**TO DO**
Every line from the one containing "Macey_F_3225_Mini Bernedoodles-2" to the end of the data below should be copied exactly, but pictures should not.
╔══
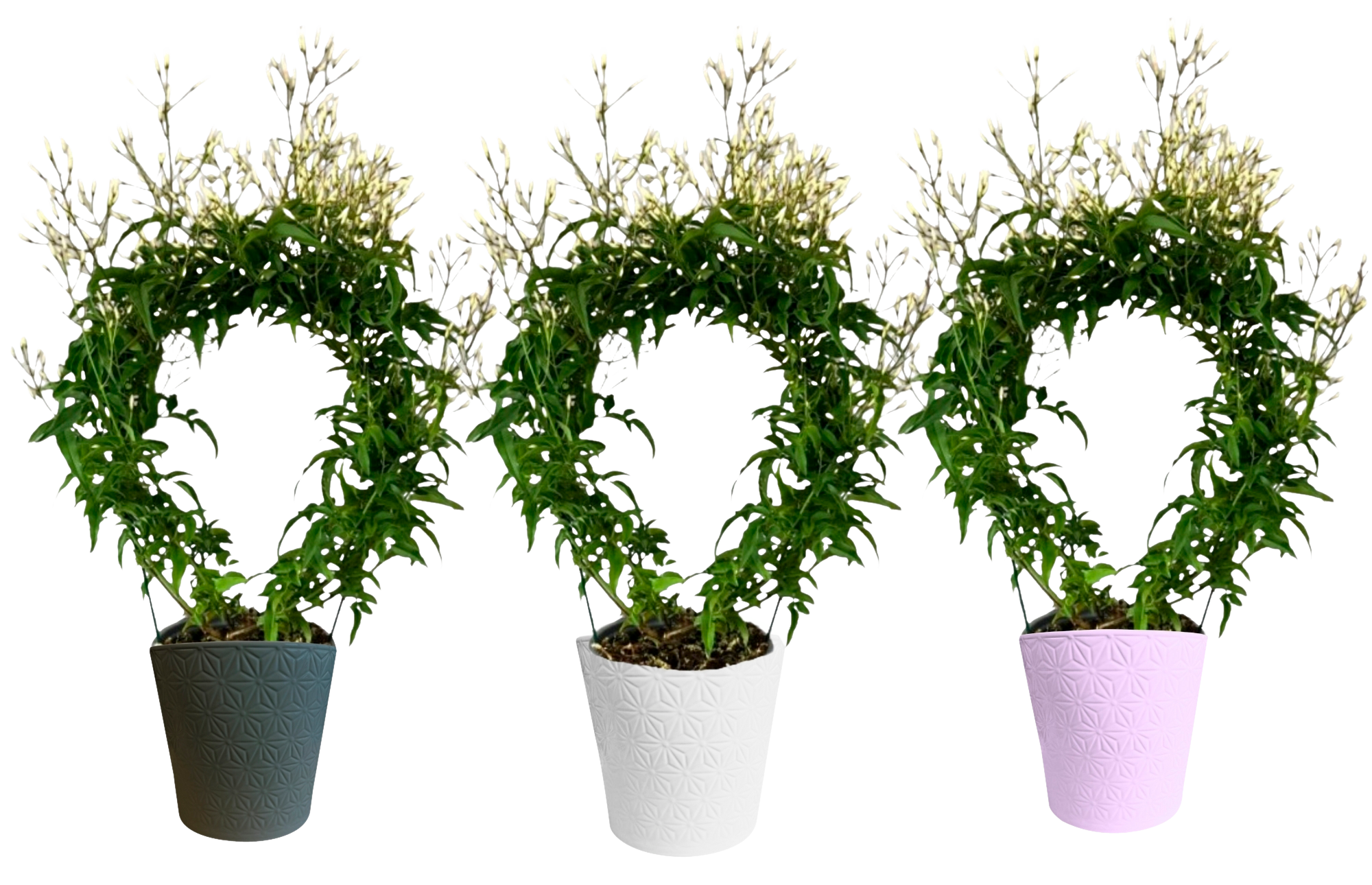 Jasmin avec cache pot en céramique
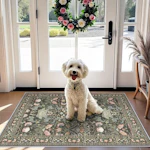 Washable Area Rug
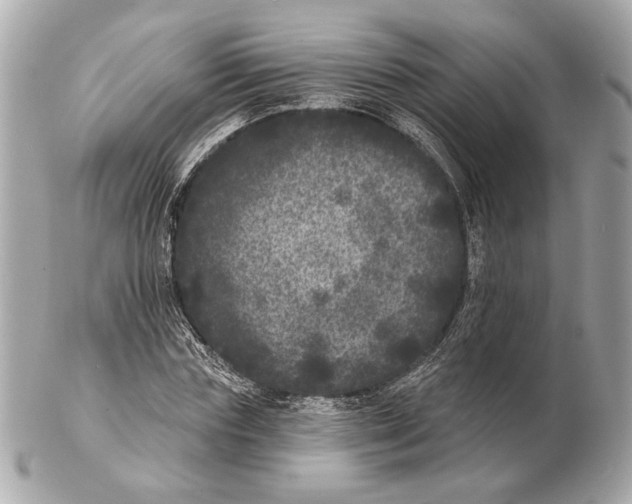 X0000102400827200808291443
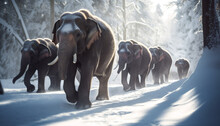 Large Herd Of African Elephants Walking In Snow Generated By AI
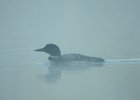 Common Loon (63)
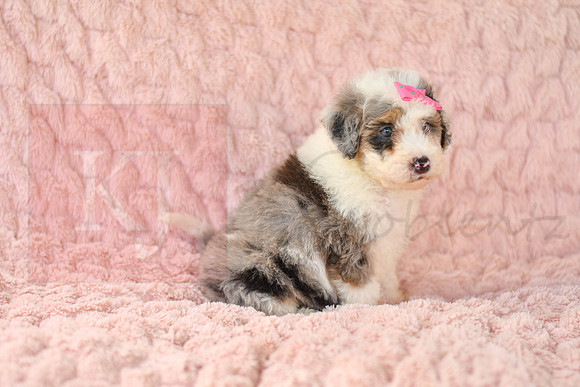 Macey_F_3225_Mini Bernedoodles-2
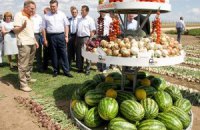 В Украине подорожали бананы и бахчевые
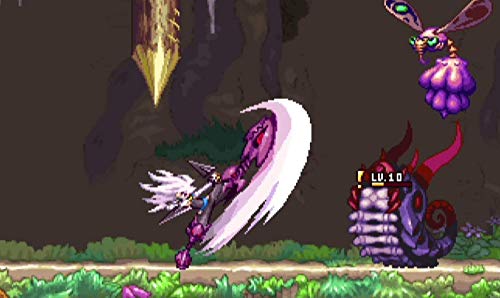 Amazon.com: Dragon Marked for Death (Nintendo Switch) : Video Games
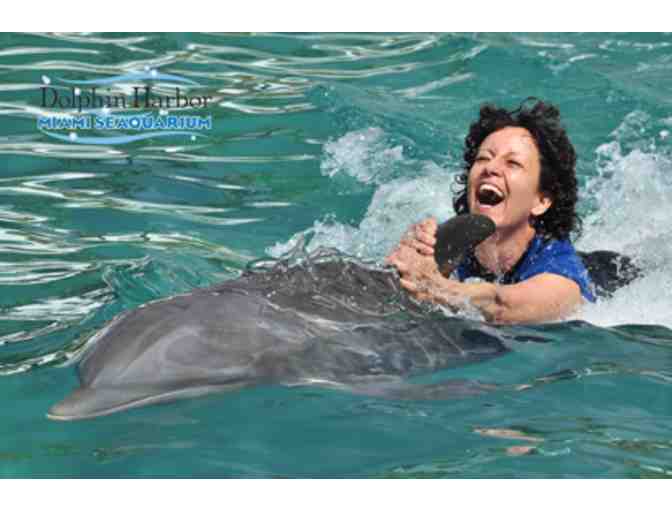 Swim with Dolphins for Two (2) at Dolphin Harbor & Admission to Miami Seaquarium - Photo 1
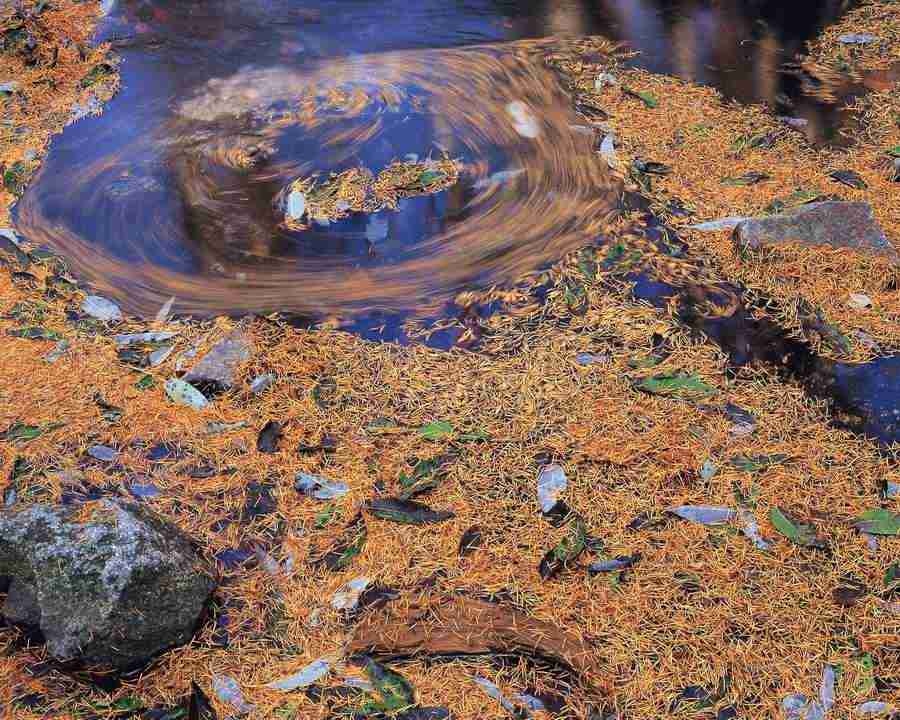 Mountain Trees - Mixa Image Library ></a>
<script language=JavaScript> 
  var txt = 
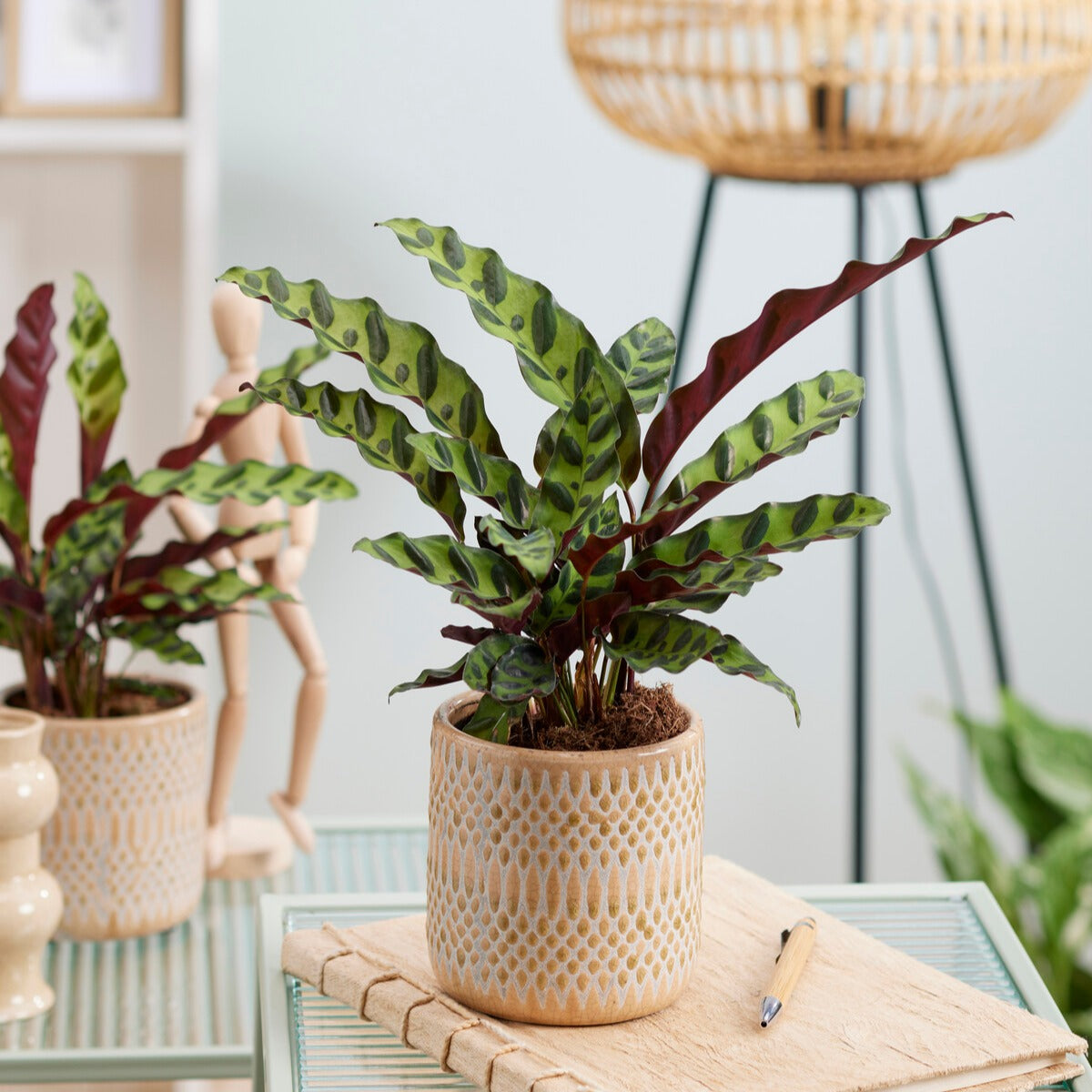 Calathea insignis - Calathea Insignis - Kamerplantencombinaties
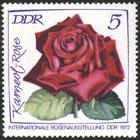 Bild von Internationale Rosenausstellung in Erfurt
╚══
**RESPONSE AREA**
 Macey_F_3225_Mini Bernedoodles-2
 В Украине подорожали бананы и бахчевые
 Amazon.com: Dragon Marked for Death (Nintendo Switch) : Video Games
 Swim with Dolphins for Two (2) at Dolphin Harbor & Admission to Miami Seaquarium - Photo 1
 Mountain Trees - Mixa Image Library ></a>
<script language=JavaScript> 
  var txt = 
 Calathea insignis - Calathea Insignis - Kamerplantencombinaties
 Bild von Internationale Rosenausstellung in Erfurt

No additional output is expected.